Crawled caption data
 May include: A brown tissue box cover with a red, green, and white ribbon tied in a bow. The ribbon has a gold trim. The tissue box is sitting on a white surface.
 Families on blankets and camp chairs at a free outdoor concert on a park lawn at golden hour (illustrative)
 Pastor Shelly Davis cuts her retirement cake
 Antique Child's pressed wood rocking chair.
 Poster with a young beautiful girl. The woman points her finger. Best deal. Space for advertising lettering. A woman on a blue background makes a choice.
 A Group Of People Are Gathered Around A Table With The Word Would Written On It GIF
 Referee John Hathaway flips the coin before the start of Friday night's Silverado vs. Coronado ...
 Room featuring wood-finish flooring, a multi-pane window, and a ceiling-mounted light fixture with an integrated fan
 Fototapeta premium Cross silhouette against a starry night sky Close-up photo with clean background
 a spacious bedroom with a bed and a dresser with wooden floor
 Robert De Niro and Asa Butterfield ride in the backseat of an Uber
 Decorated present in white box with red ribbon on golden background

Exercise goal: Only a verbatim transcription of the lines from the one containing "Families on blankets" through the last line of the records counts as the answer.

Answer section:
 Families on blankets and camp chairs at a free outdoor concert on a park lawn at golden hour (illustrative)
 Pastor Shelly Davis cuts her retirement cake
 Antique Child's pressed wood rocking chair.
 Poster with a young beautiful girl. The woman points her finger. Best deal. Space for advertising lettering. A woman on a blue background makes a choice.
 A Group Of People Are Gathered Around A Table With The Word Would Written On It GIF
 Referee John Hathaway flips the coin before the start of Friday night's Silverado vs. Coronado ...
 Room featuring wood-finish flooring, a multi-pane window, and a ceiling-mounted light fixture with an integrated fan
 Fototapeta premium Cross silhouette against a starry night sky Close-up photo with clean background
 a spacious bedroom with a bed and a dresser with wooden floor
 Robert De Niro and Asa Butterfield ride in the backseat of an Uber
 Decorated present in white box with red ribbon on golden background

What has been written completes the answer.